BLUF, you aren't going to improve on the original concept, banged out by renaissance-pinnacle geniuses and hard-headed practical successes of a type far beyond the high-water mark of any twenty universities today, who made it work in a rougher time, with a stupider national mean, and with more adversity (in a Darwin Award-winning way) than a truly benevolent deity should have allowed to block their path. Wail and gnash your teeth as you see fit, but that's just the way it is.

There is absolutely nothing you can think of they didn't have to consider, and then ended up discarding. Today we have a panoply of means to communicate ideas instantly, a cornucopia of Internet resources to reference, and lack the handicap of actual slavery as a built-in punisher to sabotage any notional new scheme.

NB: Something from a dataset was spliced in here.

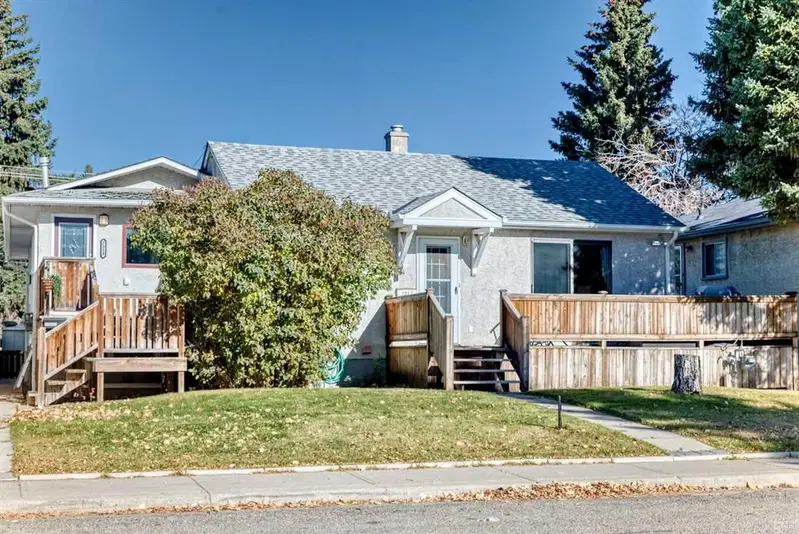 7312 36 Avenue NW, Calgary — photo 2 of 50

And despite literal man-decades of political thought since then, nothing better has been proposed with so much as a snowball's chance in hell of being adopted and actually working, let alone better than the original.

Froth and fume in comments (and show your work), but facts are stubborn things.
And if you can't reference Hammurabi, Moses, Plato, Augustine, Calvin, Hobbes (that would be John and Thomas, respectively, not a cartoon child and his stuffed tiger, though the latter may serve at some points), and Locke, along with six millennia of recorded human history in your arguments, you probably aren't tall enough for this ride.

For the brighter and/or lazier who consider this problem, you might want to put forth more effort towards restoration along the lines of Founder's Intent, than into destruction for its own sake. (Despite not as fun, but far more profitable in the long run.)
Just saying.

Founding philosophy workbook bullet points:
Government, like fire, is a dangerous servant and a cruel master.
That government governs best which governs least.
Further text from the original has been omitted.